__Work required__: The pictures get left out, but everything else in the listing below must be duplicated exactly.

[[ Input data, beginning ]]

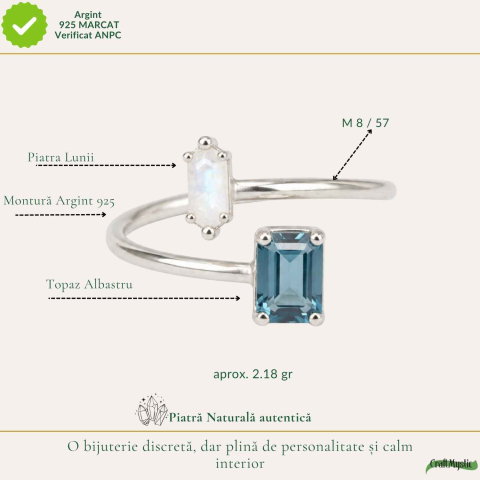 Inel argint 925 cu Topaz Albastru si Piatra Lunii dreptunghi – echilibru si claritate [3]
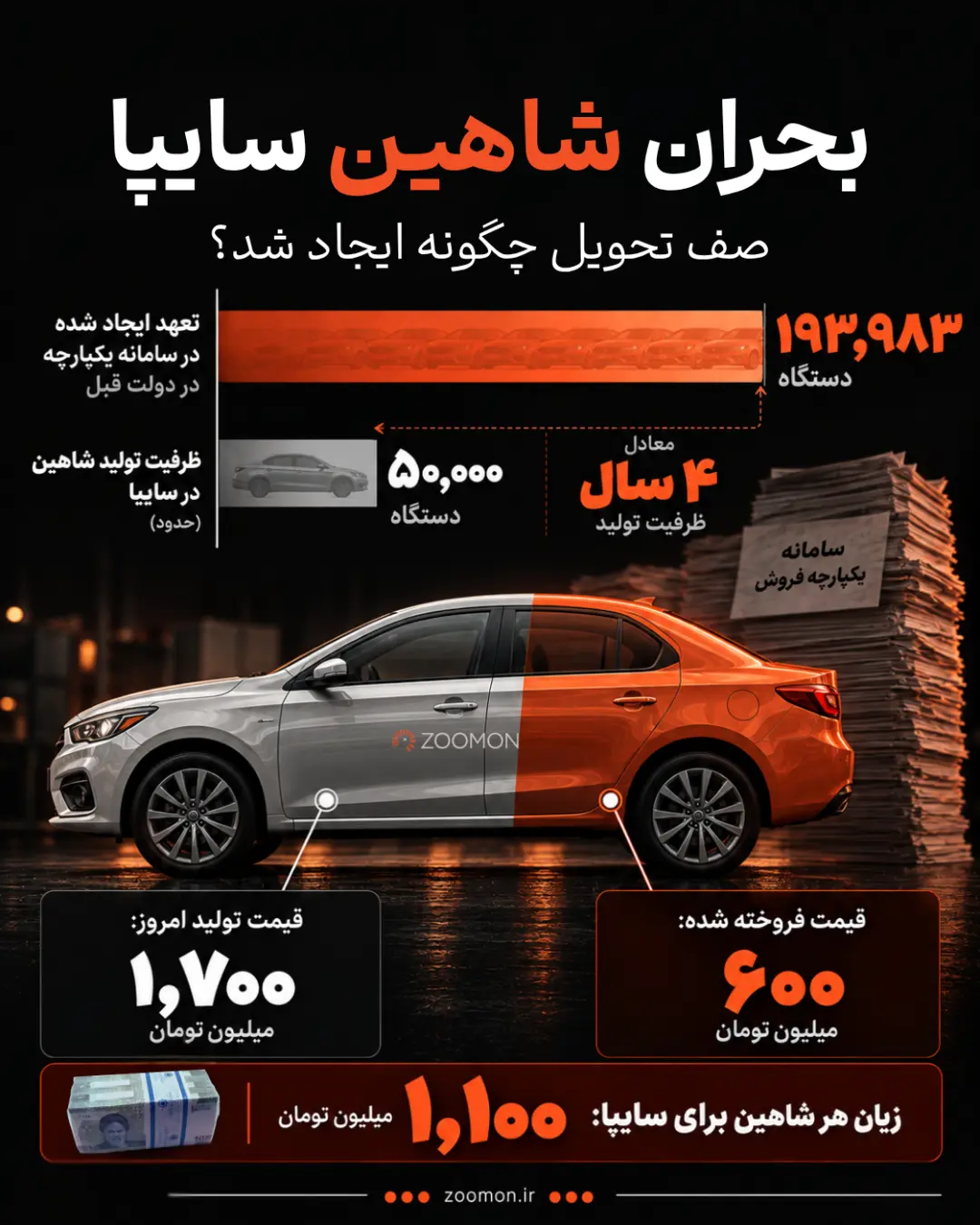 اینفوگرافیک تحلیل بحران عرضه و ظرفیت تولید خودرو شاهین (Shahin) در سایپا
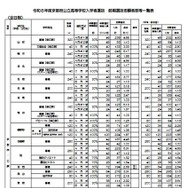 2026年度京都府公立高等学校入学者選抜 前期選抜志願者数等一覧表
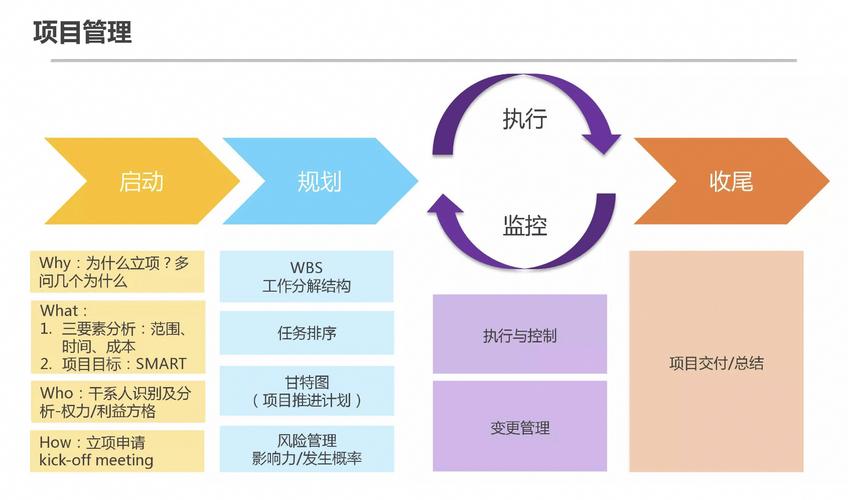 - 《TBC就位确认，团队协作与项目管理迎新篇》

[[ Input data, end ]]

__Exercise solution__:
 Inel argint 925 cu Topaz Albastru si Piatra Lunii dreptunghi – echilibru si claritate [3]
 اینفوگرافیک تحلیل بحران عرضه و ظرفیت تولید خودرو شاهین (Shahin) در سایپا
 2026年度京都府公立高等学校入学者選抜 前期選抜志願者数等一覧表
 - 《TBC就位确认，团队协作与项目管理迎新篇》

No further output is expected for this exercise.